Ben Cardoni

This article was written by Mark S. Sternman

With a weak heart that would eventually fail prematurely and a 4-F designation that allowed him to play wartime ball at the highest level,  Ben Cardoni failed to record a win in 36 appearances for the Boston Braves from 1943 to 1945 but did manage a quartet of single milestones with exactly one career complete game, double play, RBI, and save.1 Oddly for someone with such an obscure career, Cardoni was linked to a trio of eventual Hall of Famers in 1946, after his time in major-league baseball had ended.

The son of Italian immigrants Alfonso Cardoni, a coal miner, and Adelle (Mezzanotte) Cardoni, Armand Joseph Cardoni was born on August 21, 1920, in Jessup, Pennsylvania, about 10 miles east of Scranton.  The 1940 Census showed Ben, older brother Aldo, younger sister Norma, and both parents still living in Lackawanna County.

Cardoni took a roundabout route to the big leagues.  According to an obituary, “He spent the last six weeks of the 1937 season with Scranton in the then New York-Pennsylvania League. …  He pitched during the 1938-39 campaigns with Evansville, Ind., in the Three-I League, and in 1940 was with Charleston of the Middle Atlantic League.  He was out of action in 1941 due to an elbow injury [and] was with Bradford of the Pony League in 1942 and joined Hartford in the Eastern League for the 1943 season.”2

A right-hander, listed at 6-feet-3 and 195 pounds, Cardoni jumped straight to the majors without ever pitching at the Double-A level (today’s Triple-A).
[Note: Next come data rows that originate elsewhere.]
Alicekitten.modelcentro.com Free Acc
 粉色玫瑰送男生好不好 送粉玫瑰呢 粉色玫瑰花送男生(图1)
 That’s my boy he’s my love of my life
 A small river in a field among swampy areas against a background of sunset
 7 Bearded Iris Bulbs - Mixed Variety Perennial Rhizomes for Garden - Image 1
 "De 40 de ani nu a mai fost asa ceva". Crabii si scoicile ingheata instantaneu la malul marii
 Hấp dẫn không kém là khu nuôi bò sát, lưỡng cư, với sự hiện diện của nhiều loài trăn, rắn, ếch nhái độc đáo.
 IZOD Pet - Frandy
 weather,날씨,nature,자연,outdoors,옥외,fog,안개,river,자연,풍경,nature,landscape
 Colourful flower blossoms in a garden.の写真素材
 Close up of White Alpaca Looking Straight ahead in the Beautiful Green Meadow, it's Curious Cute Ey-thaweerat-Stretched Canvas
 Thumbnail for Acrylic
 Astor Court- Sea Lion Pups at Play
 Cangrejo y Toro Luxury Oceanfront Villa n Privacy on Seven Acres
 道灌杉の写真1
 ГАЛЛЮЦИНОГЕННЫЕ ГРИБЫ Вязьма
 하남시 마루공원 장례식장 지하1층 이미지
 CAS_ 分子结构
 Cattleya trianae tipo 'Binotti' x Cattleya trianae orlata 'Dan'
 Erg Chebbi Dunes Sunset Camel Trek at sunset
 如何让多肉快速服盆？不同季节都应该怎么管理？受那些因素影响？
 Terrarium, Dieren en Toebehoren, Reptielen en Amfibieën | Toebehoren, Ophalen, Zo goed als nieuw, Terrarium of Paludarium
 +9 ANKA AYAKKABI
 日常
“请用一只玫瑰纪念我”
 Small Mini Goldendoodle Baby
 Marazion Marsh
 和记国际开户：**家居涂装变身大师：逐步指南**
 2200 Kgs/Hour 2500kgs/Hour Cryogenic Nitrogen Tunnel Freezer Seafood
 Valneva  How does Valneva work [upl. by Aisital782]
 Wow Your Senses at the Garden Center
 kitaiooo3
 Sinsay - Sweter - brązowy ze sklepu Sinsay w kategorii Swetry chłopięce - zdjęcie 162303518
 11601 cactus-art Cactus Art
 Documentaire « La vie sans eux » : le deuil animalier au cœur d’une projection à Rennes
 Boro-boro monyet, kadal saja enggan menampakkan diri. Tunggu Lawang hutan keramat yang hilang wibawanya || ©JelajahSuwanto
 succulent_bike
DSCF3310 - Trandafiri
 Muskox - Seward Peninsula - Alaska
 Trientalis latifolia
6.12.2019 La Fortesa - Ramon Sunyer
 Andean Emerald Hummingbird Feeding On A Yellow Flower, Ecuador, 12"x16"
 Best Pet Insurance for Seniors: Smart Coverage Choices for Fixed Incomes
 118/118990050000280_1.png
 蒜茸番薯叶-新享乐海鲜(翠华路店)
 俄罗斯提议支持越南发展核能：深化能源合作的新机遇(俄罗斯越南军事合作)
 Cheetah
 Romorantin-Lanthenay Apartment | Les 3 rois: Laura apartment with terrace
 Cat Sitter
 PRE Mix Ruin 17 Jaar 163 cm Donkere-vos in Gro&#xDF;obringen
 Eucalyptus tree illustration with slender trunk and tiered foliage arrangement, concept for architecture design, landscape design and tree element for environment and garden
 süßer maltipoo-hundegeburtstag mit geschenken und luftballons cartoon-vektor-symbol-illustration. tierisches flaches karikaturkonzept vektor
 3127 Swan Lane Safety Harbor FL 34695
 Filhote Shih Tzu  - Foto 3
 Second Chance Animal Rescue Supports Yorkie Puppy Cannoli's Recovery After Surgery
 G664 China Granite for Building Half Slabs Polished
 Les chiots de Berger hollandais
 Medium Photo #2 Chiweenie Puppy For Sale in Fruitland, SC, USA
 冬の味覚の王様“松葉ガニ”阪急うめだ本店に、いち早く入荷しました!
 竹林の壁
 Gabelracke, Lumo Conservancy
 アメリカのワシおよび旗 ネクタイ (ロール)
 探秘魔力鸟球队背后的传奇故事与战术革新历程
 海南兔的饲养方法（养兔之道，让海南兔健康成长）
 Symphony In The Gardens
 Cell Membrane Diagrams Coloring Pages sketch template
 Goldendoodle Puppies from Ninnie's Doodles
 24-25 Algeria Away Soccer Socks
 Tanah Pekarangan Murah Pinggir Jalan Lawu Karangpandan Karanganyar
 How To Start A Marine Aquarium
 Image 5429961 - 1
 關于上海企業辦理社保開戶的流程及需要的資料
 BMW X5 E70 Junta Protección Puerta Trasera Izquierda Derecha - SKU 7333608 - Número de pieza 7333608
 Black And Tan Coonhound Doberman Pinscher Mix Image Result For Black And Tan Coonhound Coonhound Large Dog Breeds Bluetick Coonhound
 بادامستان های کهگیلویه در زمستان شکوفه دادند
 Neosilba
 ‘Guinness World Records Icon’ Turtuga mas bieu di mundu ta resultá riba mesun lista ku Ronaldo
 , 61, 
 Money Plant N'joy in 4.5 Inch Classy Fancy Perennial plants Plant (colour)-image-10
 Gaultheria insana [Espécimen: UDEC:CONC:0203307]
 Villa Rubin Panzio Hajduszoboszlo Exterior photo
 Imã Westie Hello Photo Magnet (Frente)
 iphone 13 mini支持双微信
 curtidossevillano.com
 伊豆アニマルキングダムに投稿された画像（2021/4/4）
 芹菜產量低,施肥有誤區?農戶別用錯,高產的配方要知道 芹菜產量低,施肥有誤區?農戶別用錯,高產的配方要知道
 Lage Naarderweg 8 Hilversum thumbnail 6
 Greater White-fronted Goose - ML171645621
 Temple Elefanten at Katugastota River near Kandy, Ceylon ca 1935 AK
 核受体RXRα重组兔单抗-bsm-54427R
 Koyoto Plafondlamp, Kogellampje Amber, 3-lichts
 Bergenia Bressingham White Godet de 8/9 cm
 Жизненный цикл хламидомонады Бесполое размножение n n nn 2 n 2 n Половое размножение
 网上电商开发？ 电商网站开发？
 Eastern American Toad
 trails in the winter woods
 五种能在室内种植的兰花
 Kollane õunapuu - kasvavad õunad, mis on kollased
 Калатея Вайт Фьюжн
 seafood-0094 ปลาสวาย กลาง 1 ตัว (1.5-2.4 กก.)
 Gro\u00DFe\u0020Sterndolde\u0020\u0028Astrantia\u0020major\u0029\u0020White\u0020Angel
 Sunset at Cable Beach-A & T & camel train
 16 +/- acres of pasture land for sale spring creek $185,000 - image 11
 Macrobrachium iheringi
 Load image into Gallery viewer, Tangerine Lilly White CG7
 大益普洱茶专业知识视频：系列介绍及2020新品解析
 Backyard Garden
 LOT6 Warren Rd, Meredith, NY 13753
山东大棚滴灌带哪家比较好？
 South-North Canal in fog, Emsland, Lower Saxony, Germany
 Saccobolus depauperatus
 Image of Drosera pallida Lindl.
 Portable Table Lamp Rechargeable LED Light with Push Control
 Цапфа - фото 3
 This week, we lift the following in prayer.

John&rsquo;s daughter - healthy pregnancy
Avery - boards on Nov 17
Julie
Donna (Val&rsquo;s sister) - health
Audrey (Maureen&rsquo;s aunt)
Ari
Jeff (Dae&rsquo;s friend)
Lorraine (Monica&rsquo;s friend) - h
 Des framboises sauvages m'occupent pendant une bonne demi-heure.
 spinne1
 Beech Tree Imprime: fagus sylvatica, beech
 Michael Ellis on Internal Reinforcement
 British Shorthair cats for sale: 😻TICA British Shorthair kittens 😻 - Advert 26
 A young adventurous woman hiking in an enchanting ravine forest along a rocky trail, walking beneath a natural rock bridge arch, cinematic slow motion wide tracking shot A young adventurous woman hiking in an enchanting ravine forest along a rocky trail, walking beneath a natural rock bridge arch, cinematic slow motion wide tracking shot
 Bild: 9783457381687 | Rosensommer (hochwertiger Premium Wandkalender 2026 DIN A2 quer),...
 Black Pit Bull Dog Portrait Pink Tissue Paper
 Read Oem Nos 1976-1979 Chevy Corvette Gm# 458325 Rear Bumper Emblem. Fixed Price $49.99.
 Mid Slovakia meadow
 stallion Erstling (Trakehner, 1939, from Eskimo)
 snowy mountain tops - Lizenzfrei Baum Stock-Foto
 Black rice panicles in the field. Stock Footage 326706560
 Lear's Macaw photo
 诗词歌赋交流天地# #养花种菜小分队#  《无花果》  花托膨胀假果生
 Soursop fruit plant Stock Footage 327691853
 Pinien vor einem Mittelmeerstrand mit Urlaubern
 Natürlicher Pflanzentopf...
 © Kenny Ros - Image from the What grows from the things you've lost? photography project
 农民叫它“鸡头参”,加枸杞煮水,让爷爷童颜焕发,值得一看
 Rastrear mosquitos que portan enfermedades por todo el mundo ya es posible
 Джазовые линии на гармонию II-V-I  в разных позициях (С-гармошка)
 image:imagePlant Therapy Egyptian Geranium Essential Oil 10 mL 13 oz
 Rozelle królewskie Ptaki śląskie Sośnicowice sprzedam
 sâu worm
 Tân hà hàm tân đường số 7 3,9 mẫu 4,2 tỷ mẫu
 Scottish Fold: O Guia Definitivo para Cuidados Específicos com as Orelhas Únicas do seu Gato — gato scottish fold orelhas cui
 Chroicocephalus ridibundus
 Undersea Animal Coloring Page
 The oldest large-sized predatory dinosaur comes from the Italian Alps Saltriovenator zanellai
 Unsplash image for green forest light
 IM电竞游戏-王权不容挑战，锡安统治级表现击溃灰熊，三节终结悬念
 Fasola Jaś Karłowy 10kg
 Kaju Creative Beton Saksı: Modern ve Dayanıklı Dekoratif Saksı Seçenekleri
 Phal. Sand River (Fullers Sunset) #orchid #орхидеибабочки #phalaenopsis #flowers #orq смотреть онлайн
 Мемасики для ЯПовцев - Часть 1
With Hartford of the Class A Eastern League, Cardoni went 8-10, according to contemporary sources (although Baseball-reference.com says he went 10-8).3  A day after his 23rd birthday, he debuted on August 22, 1943, with a scoreless ninth in the second game of a doubleheader sweep by the visiting St. Louis Cardinals, the defending World Series champions who would soon win the second of three consecutive National League pennants.  Cardoni yielded a hit and a walk but did not allow a run.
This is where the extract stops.